* GIVEN INFORMATION
——

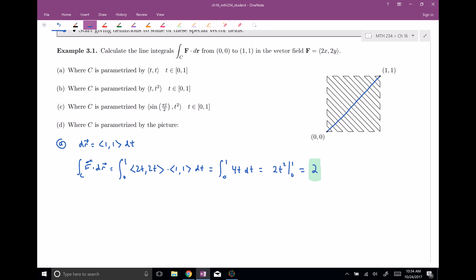Let's go ahead and try traveling along a few different paths. For part B, we're going to parametrize the curve by (T, T²). At T=0 you get (0,0), at T=1 you get (1,1), but this time we're traveling along a parabola from (0,0) to (1,1). Go ahead and pause the video, and when you're done, unpause it and let's go over the results together.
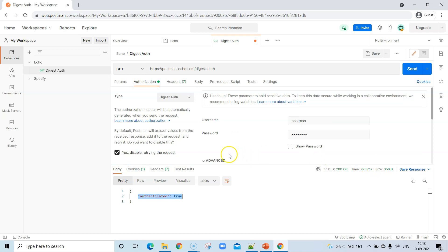This is how you can use digest auth in order to authorize your request to a particular application server that uses this type of authorization. If your application is using digest auth, you can easily authenticate your requests using Postman.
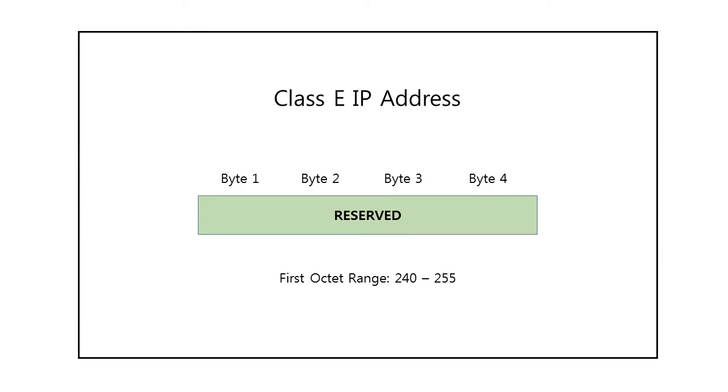The Class E IP addresses were reserved for future use. The first octet of a Class E address ranges from 240 to 255.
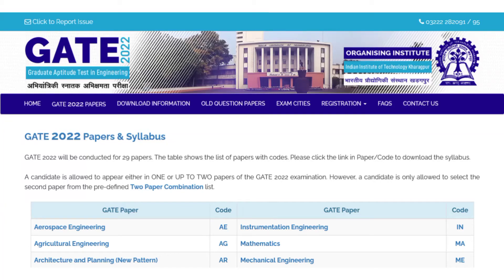Good morning and welcome. Today we are going to talk about GATE preparation exams. Most graduate students, after four years of graduation, may need to appear for GATE. There are more than 29 subjects available, and you can choose according to your graduation degree.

——

* AIM OF THE EXERCISE
All that's required is the material above repeated exactly, minus any picture.

* SOLUTION TO THIS TASK
Let's go ahead and try traveling along a few different paths. For part B, we're going to parametrize the curve by (T, T²). At T=0 you get (0,0), at T=1 you get (1,1), but this time we're traveling along a parabola from (0,0) to (1,1). Go ahead and pause the video, and when you're done, unpause it and let's go over the results together.
This is how you can use digest auth in order to authorize your request to a particular application server that uses this type of authorization. If your application is using digest auth, you can easily authenticate your requests using Postman.
The Class E IP addresses were reserved for future use. The first octet of a Class E address ranges from 240 to 255.
Good morning and welcome. Today we are going to talk about GATE preparation exams. Most graduate students, after four years of graduation, may need to appear for GATE. There are more than 29 subjects available, and you can choose according to your graduation degree.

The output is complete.